ON OUR last late run-out the other night, we stood, all ears cocked to the sounds of a dog in the wood three fields away.

Cesar was whining, pulling and looking at me for an answer. We both knew that this wasn’t the howl of a hungry chasse dog, chained and miserable.

Nor a forgotten housedog begging for entry.

No, it was the mournful cry of a lost dog, far from whatever comfort he was used to and hoping someone would hear and rescue him.

Soft as I am where beasts are concerned, there was little point, on a crescent-mooned night, in overcoming my own night fears, climbing into the car and calling from the nearest single-tracked roads.

Reluctantly, if wisely, we turned into the house, pulling hard the last shutters and blocking out all night sounds.

In the morning I winced as I heard a faint, feeble echo of that midnight yelp, and this time I took the car and headed towards the sound.

I called and called and rattled food in a bowl but each time the sound grew fainter. And then it ceased.

Looking at the bank of brambles and the dark interior I accepted my inadequacies in saving any creature and ultimately turned away.

Several calls to mayors and vets elicited no plaintive reports of lost dogs and as the calls faded and stopped I kidded myself he/she had found a way home.

But after all these years in France I know better. July and August – the holiday months – are when dogs and cats are abandoned to their fate by owners not prepared to pay boarding costs.

A little has changed since I first arrived and animals are now deemed to be sentient beings not the inanimate they were deemed under law beforehand. Objects with as much rights or feelings as a table or chair.

Now, fines for cruelty and abandonment are harsh and often enforced. So it is a big step forward.

However, and I will never get to grips with this, the deeper one is in rural France, the crueller life seems.

Of course I understand that there can be no sentimentality in animal husbandry when it is one’s livelihood; and that we, with our pampered pets are guilty of the most awful anthropomorphism – often to the animals’ cost.

But there is a middle path.

Last year in France, thousands of pets were dumped when their owners’ took off on holiday.

Many were cats left to fend for themselves by what they could hunt. But the rest were bewildered dogs often left on the motorway roadside, tipped out of the family car.

Each year, according to the papers, the numbers rise.

Some owners, I suppose, hope that when they return from their couple of weeks, their pets will bound out of the undergrowth, miraculously healthy and gleaming and life will continue.

Well, over my time here I’ve passed too many rib-showing, tongue-dragging dogs pounding along the road to nowhere.

And I’ve spent too much time pulling them into my car and offloading them at the local rescue centre knowing they’d be put down if no one claimed them.

I’ve had to harden my heart and accept that my neighbours drown kittens and puppies as a delayed form of birth control.
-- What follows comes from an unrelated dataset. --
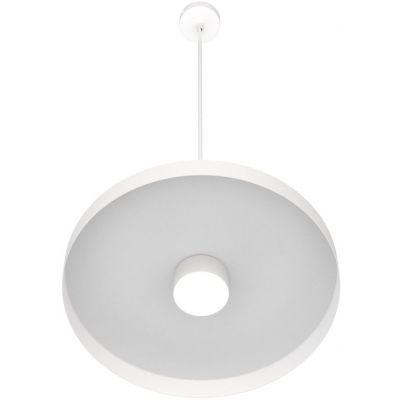 Emibig Solis lampa wisząca 1x12 W biała 1466/1S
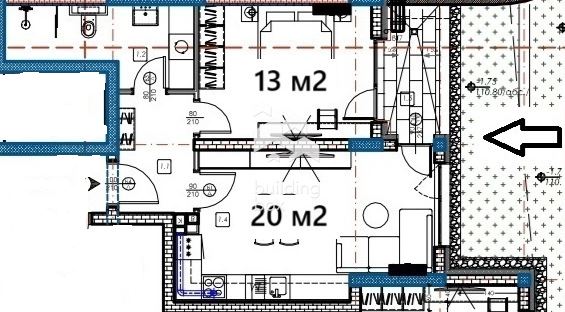 Двустаен апартамент в новострояща се сграда - 0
Learned to accept that bitches in season are left out in the gardens for any old hound to impregnate them time after time.

Learned to accept that it is somehow demeaning to take one’s dogs to be castrated or spayed when it’s easier to just stick the offspring in bucket of water.

Of course I haven’t really accepted it. I have somehow, in the last few years, deliberately avoided it. To my shame.

I avert my eyes, often, as I pass fields where ‘new’ horses graze and then disappear.

I cannot ask if they are destined for the market. The French do not eat quite as much horsemeat as they did, nor so openly, but, believe me, there is still a demand, and it is met.

I turn away from the trotting horses in their stud farms knowing their proud strut will last four years if that.

A friend of mine – English – in a nearby village has grown used to the sounds of a dog permanently chained all day when his owner is out at work.

Grown used to chasing his own dog who leaps a high fence to get at a neighbouring in-season bitch who’s allowed to roam.

He has spoken to both owners who give him a quizzical stare and shrug. Basically saying "So?"

"It’s as if I’m suggesting something really bizarre when I suggest a solution: ie Let him loose in your fenced garden and walk him or spay her."

So we sit and shake our heads. We know there is little we can do. It’s just the way it is.

One of my most sophisticated French friends routinely drowns unwanted dog and cat offspring and finds my shock both comic and rather over the top.

I once saw her take two small newborn pups and plunge them in a bucket.

She has never understood my utter disgust.